HDP blasts Turkey ban on words Kurdistan, genocide

"We will not keep quiet. We will call the Kurds, Kurdish. We will call Kurdistan, Kurdistan."

ERBIL, Kurdistan Region (Kurdistan24) - Turkey's pro-Kurdish Peoples' Democratic Party (HDP) on Friday lambasted a recent resolution by the Turkish government to ban the use of the words 'Kurdistan' and genocide' at the Parliament.

HDP’s spokesperson Osman Baydemir said they wouldn't abide by the new regulation that President Recep Tayyip Erdogan’s ruling Justice and Development Party (AKP), and its far-right ally in the Nationalist Movement Party (MHP) ratified last week.

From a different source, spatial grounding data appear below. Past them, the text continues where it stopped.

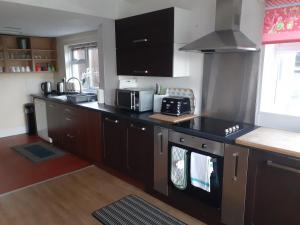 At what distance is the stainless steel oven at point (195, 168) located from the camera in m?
2.02

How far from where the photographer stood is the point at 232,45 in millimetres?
1876

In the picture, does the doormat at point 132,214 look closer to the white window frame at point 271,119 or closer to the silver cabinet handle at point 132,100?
the silver cabinet handle at point 132,100

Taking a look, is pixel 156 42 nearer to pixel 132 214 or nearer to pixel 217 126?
pixel 217 126

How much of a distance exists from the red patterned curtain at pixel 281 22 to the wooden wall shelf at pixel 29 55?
4.56m

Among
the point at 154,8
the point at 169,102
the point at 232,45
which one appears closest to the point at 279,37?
the point at 232,45

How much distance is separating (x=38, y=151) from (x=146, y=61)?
2613mm

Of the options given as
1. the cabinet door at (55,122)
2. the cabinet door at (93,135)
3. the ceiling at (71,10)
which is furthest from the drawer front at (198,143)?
the cabinet door at (55,122)

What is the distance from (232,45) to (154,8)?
5.02 ft

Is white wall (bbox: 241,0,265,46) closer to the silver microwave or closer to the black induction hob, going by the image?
the black induction hob

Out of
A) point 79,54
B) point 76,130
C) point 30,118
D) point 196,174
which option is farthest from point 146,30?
point 30,118

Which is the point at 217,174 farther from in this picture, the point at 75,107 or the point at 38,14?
the point at 38,14

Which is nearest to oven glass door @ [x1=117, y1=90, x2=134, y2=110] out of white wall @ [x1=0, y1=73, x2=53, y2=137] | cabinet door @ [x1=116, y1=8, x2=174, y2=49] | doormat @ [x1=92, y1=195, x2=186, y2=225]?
cabinet door @ [x1=116, y1=8, x2=174, y2=49]

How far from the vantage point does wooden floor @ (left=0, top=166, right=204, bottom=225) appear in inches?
90.1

"We will not keep quiet. We will call the Kurds, Kurdish. We will call Kurdistan, Kurdistan. And if there has been a genocide somewhere, we will name it genocide. In other words, we will not bow to fascism," Baydemir, also an MP for the Sanliurfa Province said.

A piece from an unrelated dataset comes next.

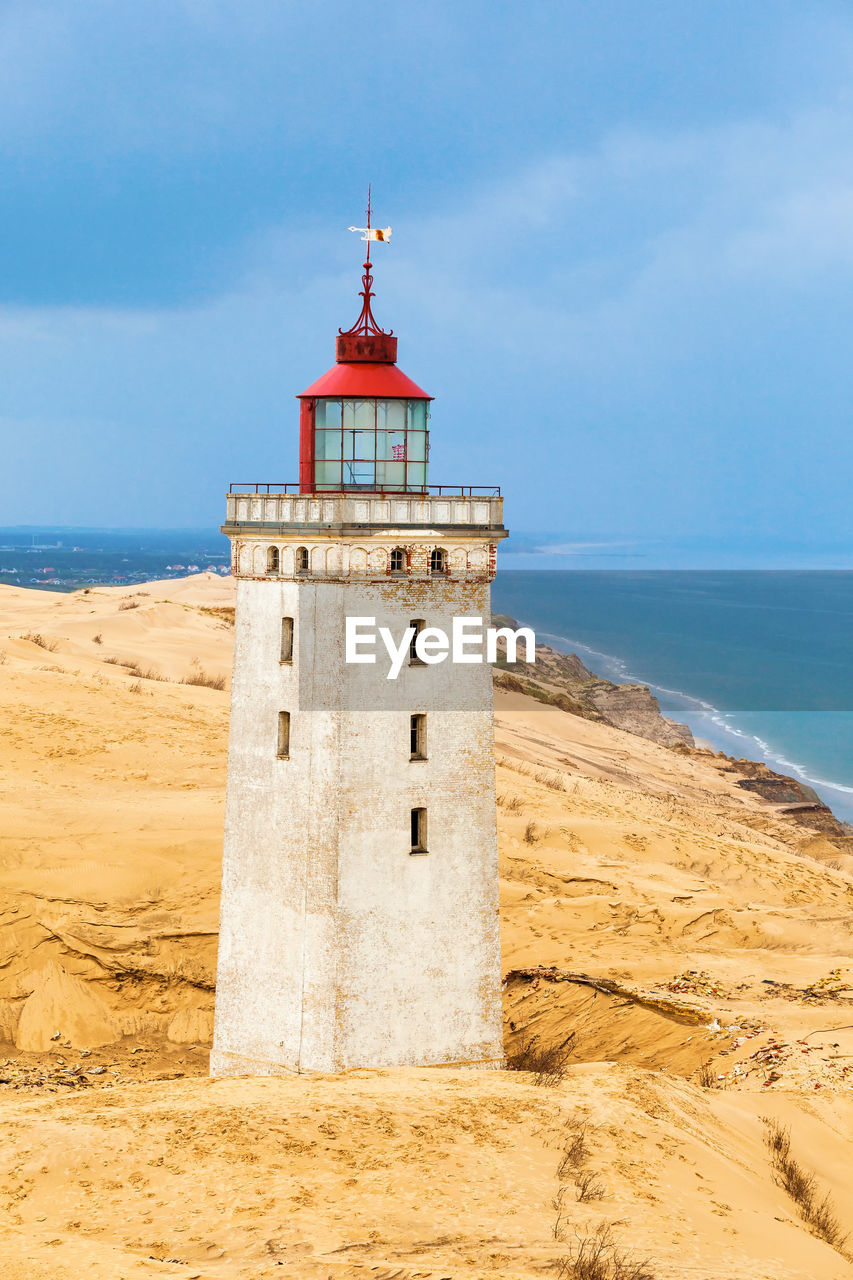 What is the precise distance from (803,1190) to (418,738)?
608 centimetres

The new law does not explicitly list banned words, terms or phrases but gives outlines on what not to say.

It states that MPs cannot use definitions that are "in violation of the administrative structure" as defined by the "indivisible wholeness" of the Republic of Turkey, thus effectively preventing lawmakers from referring to the Kurdish-majority regions as Kurdistan.

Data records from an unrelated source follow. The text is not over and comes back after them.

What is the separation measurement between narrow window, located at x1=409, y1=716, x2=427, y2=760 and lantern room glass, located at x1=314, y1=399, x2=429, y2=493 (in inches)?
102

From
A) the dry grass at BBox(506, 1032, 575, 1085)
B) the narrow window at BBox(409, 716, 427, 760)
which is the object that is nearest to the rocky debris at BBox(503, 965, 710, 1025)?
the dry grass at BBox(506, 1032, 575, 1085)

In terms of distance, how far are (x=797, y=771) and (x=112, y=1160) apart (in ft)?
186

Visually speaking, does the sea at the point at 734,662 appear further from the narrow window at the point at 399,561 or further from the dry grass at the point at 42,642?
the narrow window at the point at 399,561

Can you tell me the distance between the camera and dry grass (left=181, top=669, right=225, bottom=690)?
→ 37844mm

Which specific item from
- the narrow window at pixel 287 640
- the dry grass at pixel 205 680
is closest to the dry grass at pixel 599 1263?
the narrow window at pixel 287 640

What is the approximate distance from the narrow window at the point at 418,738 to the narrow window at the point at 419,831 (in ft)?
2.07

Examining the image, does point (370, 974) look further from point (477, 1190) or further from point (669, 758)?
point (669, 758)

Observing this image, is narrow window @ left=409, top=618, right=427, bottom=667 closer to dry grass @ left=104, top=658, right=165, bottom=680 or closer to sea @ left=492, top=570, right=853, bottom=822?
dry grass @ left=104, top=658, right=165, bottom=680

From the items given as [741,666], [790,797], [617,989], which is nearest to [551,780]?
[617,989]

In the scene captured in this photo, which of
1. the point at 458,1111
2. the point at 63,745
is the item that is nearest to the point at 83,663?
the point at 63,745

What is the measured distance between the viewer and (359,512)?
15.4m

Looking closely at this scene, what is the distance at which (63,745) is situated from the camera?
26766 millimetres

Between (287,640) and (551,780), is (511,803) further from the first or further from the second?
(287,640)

Baydemir along the party's co-leader Serpil Kemalbay has been leading a days-long demonstration in the major Kurdish city of Diyarbakir against Turkish authorities' crackdown on the HDP.

"They are founding a regime in which speech in the Parliament is banned," Baydemir said of the government, reported Kurdistan 24's Diyarbakir Bureau.

Using the term "genocide" in relation to the 1915 systematic extermination and deportation of the Armenian people by the Ottoman government, or "massacre" when referring to the numerous military campaigns against the Kurds since the beginning of the 20th century were also outlawed.

In Ankara, MP Lezgin Botan of the Van Province put a parliamentary question regarding the ban.

Botan asked the Speakership to explain the reasoning behind outlawing 'Kurdistan' in speech despite historical evidence that Kurdish settled areas have for a millennium been known as Kurdistan.

In the several-pages-long question released on HDP website, Botan also reminded that Erdogan himself had used the word 'Kurdistan' in previous speeches in reference to even the country's southeast.

"A nation's historical existence, its linguistic features, and onomastics are realities that cannot be banned or changed with bylaws," Botan stated.

Earlier this week, MP Imam Tascier of Diyarbakir defied the ban at the Parliament.

"I am a Kurd. My mother tongue is Kurdish and where I was born is Kurdistan. That's how it is for thousands of years since my ancestors' times," Tascier said, asking whether he would now be punished.